Charismatic founders leave behind a huge hole to fill
FEW chief executives are so closely associated with their companies as Steve Jobs but the man who founded and then rescued Apple is not unique.
Here in Ireland, Michael O'Leary has become the face and voice of Ryanair, while Michael Smurfit was synonymous with his eponymous listed paper company for decades.
Charismatic and successful chief executives pose particular problems for their successors; especially if they also founded the company.
"Succeeding an icon is a job you want to be very careful about accepting," Professor Andrew Ward, of Pennsylvania's Lehigh University, said at a conference in London recently. "History shows companies often flounder once the icon departs."
Who would really want to succeed Warren Buffett or Rupert Murdoch, for example?

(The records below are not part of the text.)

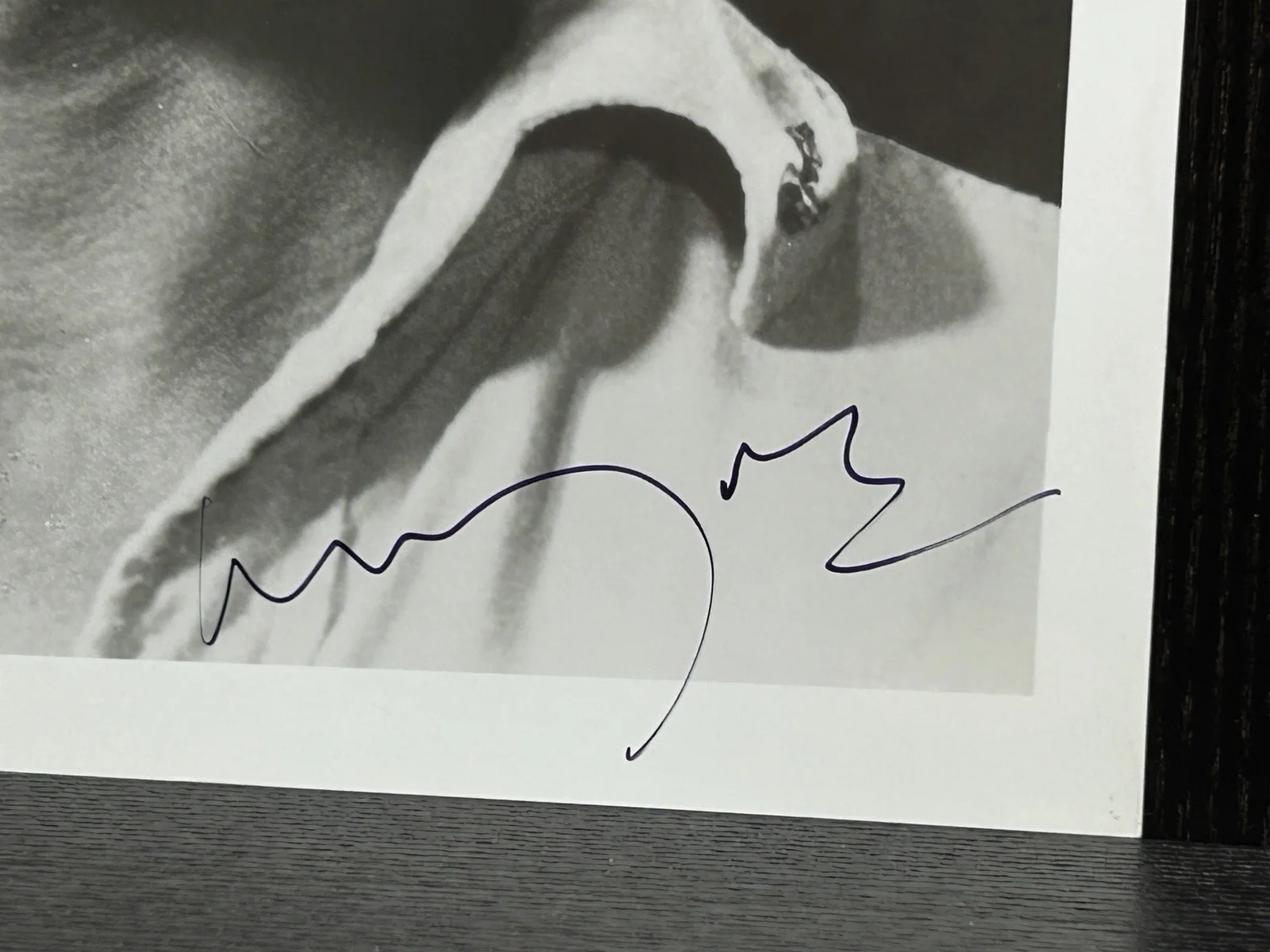 Michael York — MICHAEL YORK HAND SIGNED 8x10 PHOTO Original Autograph JSA COA Austin Powers, image 3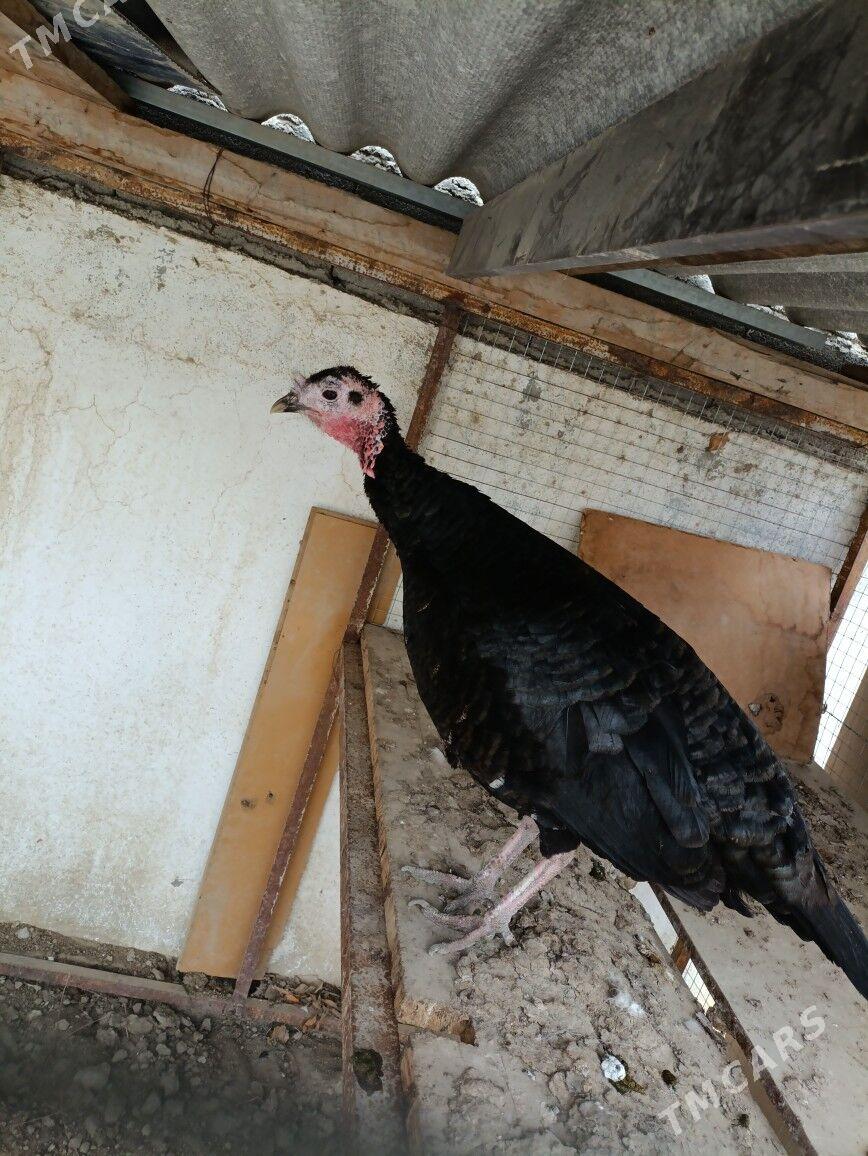 induk - Гёкдепе - img 1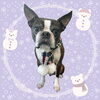 「Dog salon mofu mofu　余市町」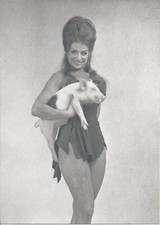 Brunette Models w Baby Pig B &
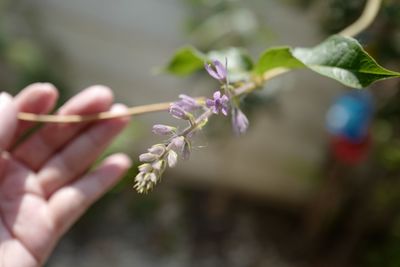 Close-up of hand holding purple flowering plant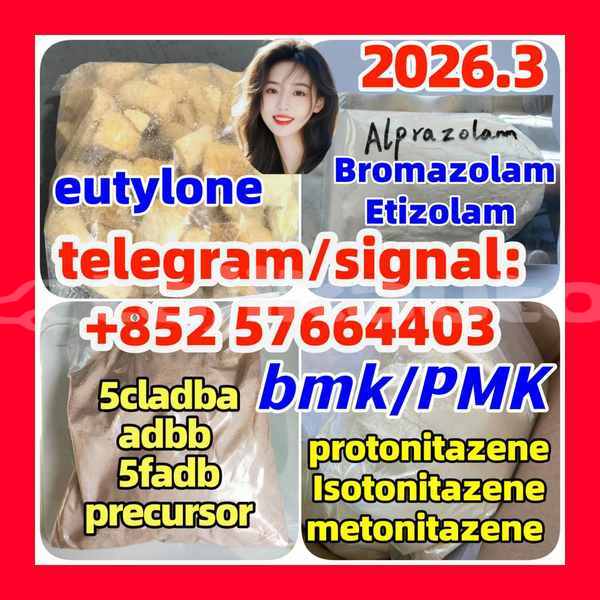 Big with watermark z3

Corporate America's tendency to idolise chief executives created problems for large companies such as General Electric and Disney.
"At Disney, people were still asking 'What would Walt do?' 30 years after his death," said Prof Ward.
Back in Ireland, few chief executives achieve the sort of superstar status afforded to their US counterparts, but the record is mixed when it comes to departures.
The Smurfit paper empire has thrived since Michael Smurfit stood down, although companies closely associated with the founders, such as DCC, have struggled.
DCC's share price sank to €10.05 in the wake of founder Jim Flavin's resignation following a court case and is still a long way from the €28 high.
A company that managed its succession well is Kerry, which has seen its shares and profits rise steadily since the well-flagged resignation of Denis Brosnan, the man who turned the company from a sleepy dairy firm into a global champion during the 1980s.